Douglas Garland triple-murder trial hears of bloody handprint on closet door
Meghan Grant | CBC News | Posted: February 8, 2017 7:14 PM | Last Updated: February 9, 2017
WARNING: This story contains graphic details that may be disturbing to some readers
At knee-level on a closet door, a small bloody handprint was left behind in what appears to have been a violent struggle to get a five-year-old boy and his grandparents out of their home. DNA from the blood matched that of Nathan O'Brien, 5, and his grandmother Kathy Liknes.
Douglas Garland, 57, is being tried on three counts of first-degree murder in the deaths of the boy and his grandparents Alvin and Kathy Liknes in June 2014.
The five-year-old had been left at the home in southwest Calgary for a sleepover on June 29, 2014. When his mother arrived the next morning, all three were gone and the house was splattered with blood.
The bloody handprint had swiped downward when it came into contact with the closet door, according to Sgt. Jody Arns, a blood pattern expert with the Calgary Police Service who testified on Wednesday.
In several areas of the home, DNA from Nathan and Kathy was found mixed together.
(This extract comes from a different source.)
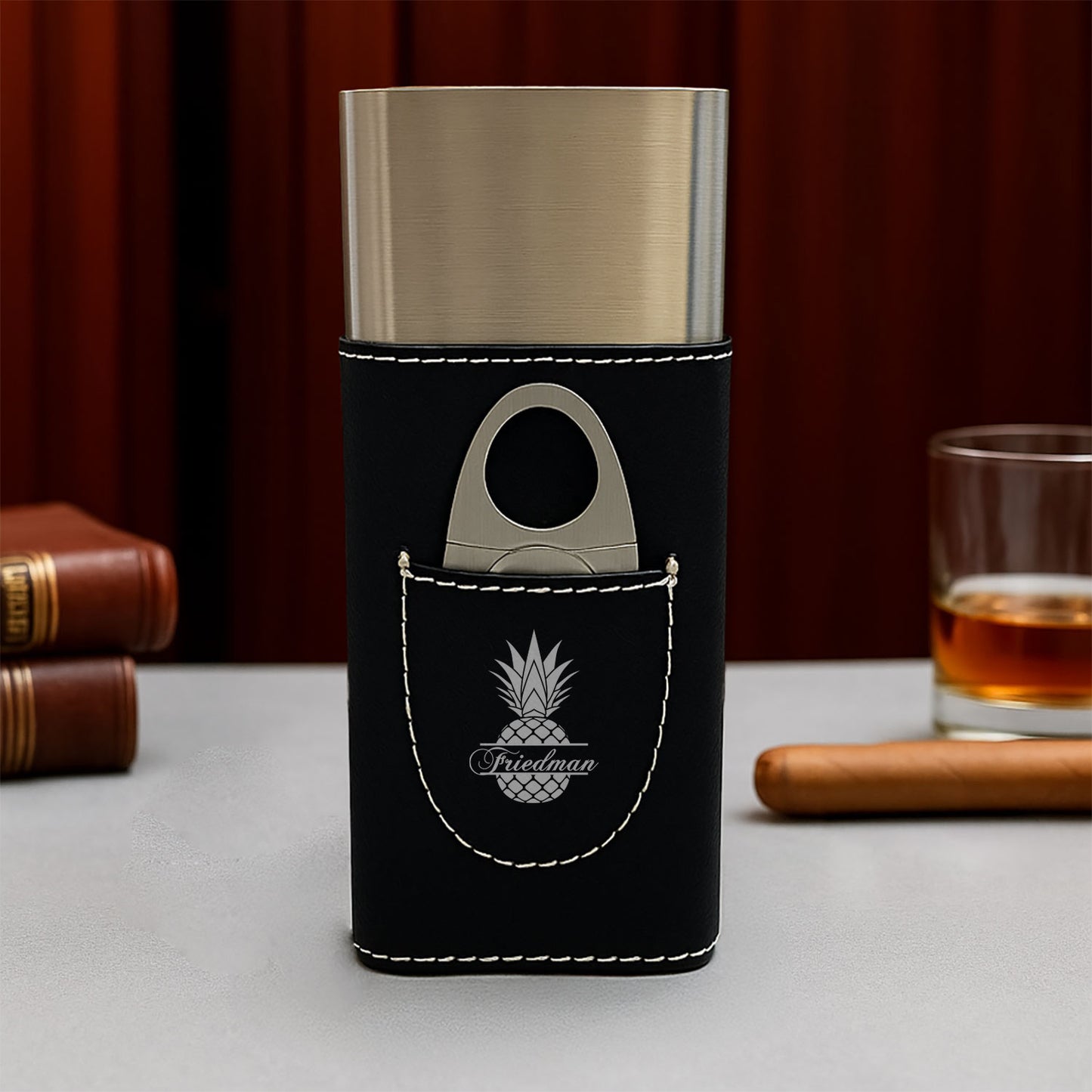 Pineapple Personalized Travel Cigar Case with Cutter - Custom Cigar Gift Set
When Jennifer O'Brien left her son at her parents' home, the grandmother and grandson were sleeping in the same bed together.
Both Alvin and Kathy were dragged through parts of the house, Arns said.
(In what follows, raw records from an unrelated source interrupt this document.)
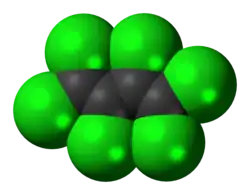Space-filling model of the hexachlorobutadiene molecule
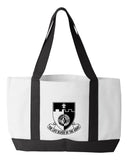 Shopping Bag, 18.5"W x 12"H with 3.5" depth. White Polyester with Black Straps and Bottom.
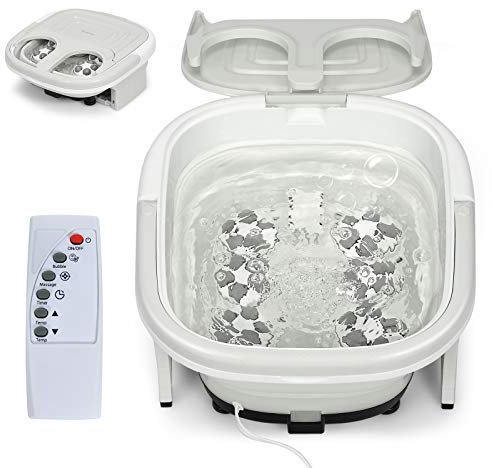 COSTWAY Fußbad mit Massagefunktion, Elektrische Fußbadewanne mit Heizung, Max. 48°C, 10-60 Min Timer, Shiatsu Massagegerät Fuß mit Sprudelfunktion & Infrarotlicht, inkl. Fernbedienung, 500W (Grau)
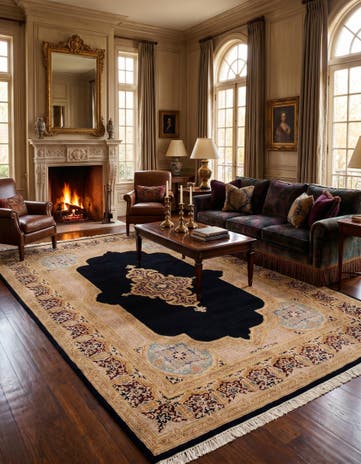 6' 2 x 9' 3 Hand Knotted Kerman Wool Rug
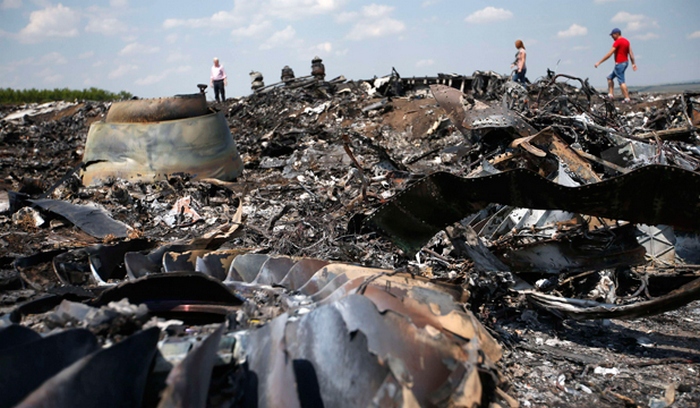 На місці збитого лайнера, що летів рейсом MH17.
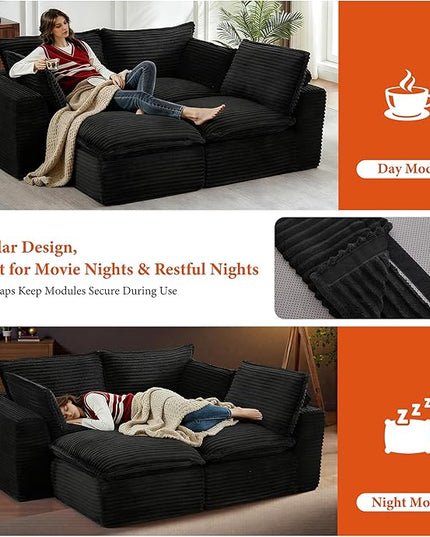 108" Sectional Couches for Living Room Boneless Couch Upholstered Cloud Couch Sectional Modular Sectional Sofa with L Shaped (Corduroy-Black, 3 Seat+1 Ottoman)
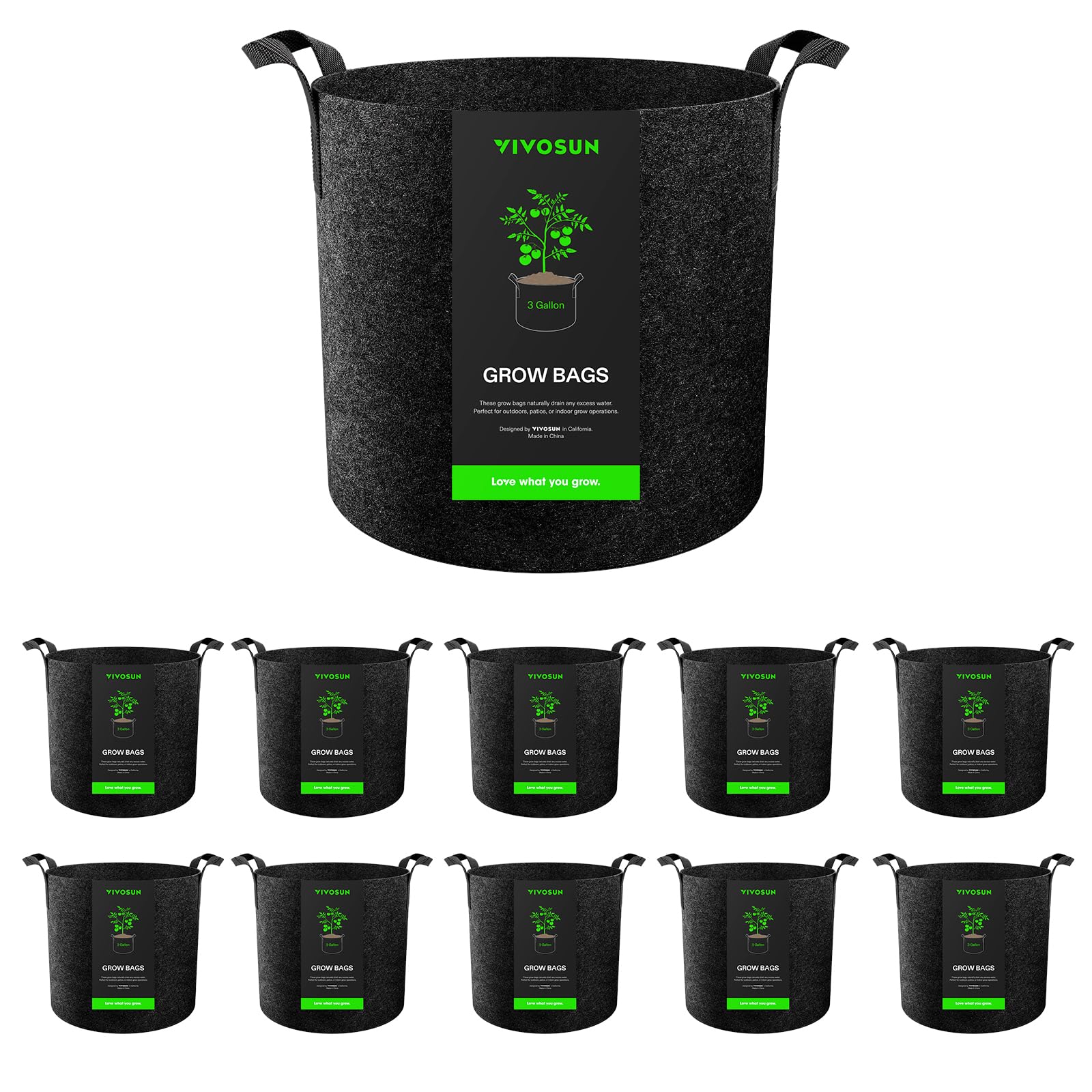 VIVOSUN 10-Pack 3 Gallon Plant Grow Bags Fabric Pots with Handles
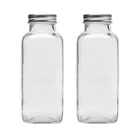 Juice Bottle Cap 12oz French Square Glass Juice Milk Coffee Bottle With Screw Cap
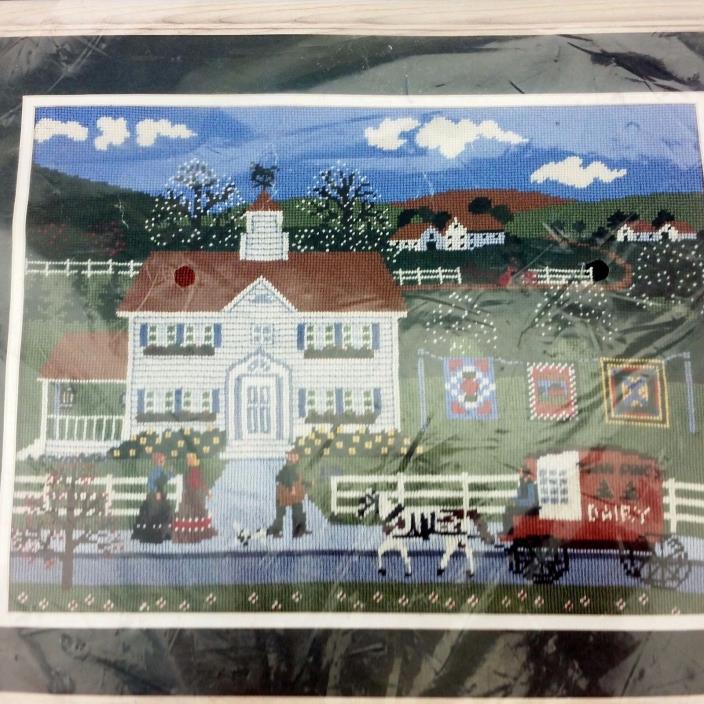 Bucilla Needlepoint Kit Airing the Quilts Jane Wooster Scott 4611 Unused Sealed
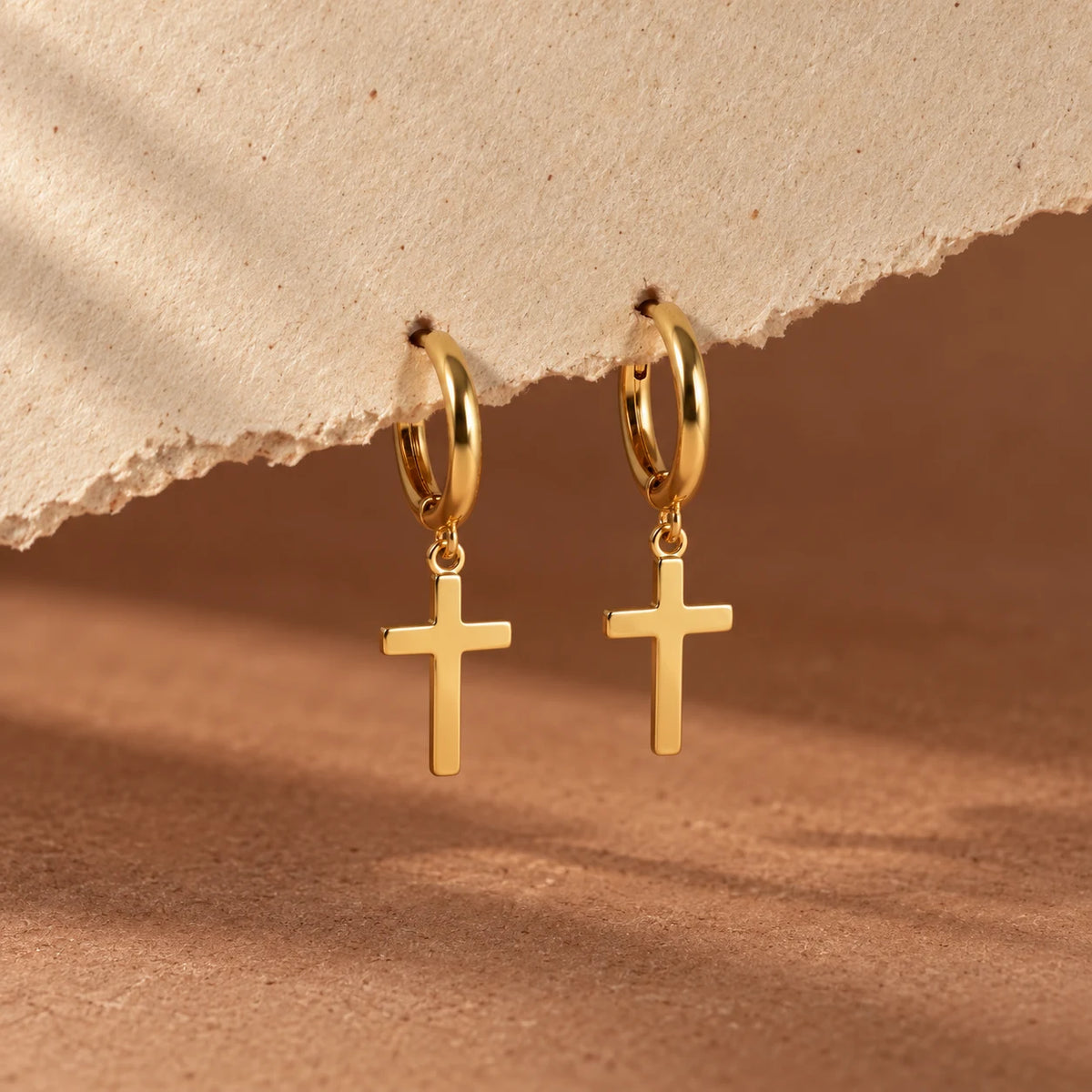 Everyday Grace Cross Hoops - flatlay deckled card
Based on her analysis of the bloodstains, Arns said there were four areas of the home where Kathy was "positioned while actively bleeding" and three areas Alvin would have lost significant amounts of blood while stationary.
All three victims were bleeding — dripping blood and at times transferring blood onto the walls of the home — as they were forced outside.
The blood was in various forms: drips, spatters, dried flakes, smears and pools.
Attempts appeared to have been made to clean the blood on the kitchen floor with a mop or rag, Arns told jurors.
Under cross-examination, Arns confirmed to defence lawyer Kim Ross that the victims lost "a significant amount of blood" in the incident but couldn't give a measurement as to how much or how many "impacts" each suffered.
The prosecution's theory is that the victims were taken to the Garland farm, where they were killed and their bodies burned.
Earlier this week, jurors were shown photos of what appeared to be the bodies of two adults and a smaller figure, laid out near three small sheds on the farm. The photos also depicted smoke coming from a burn barrel, as well as the shadow of a person standing nearby.
The images were taken by chance by an aerial-mapping plane on July 1, 2014 — the day after the three were discovered missing.
Two weeks after a massive search for Nathan and his grandparents began, Garland was arrested and charged.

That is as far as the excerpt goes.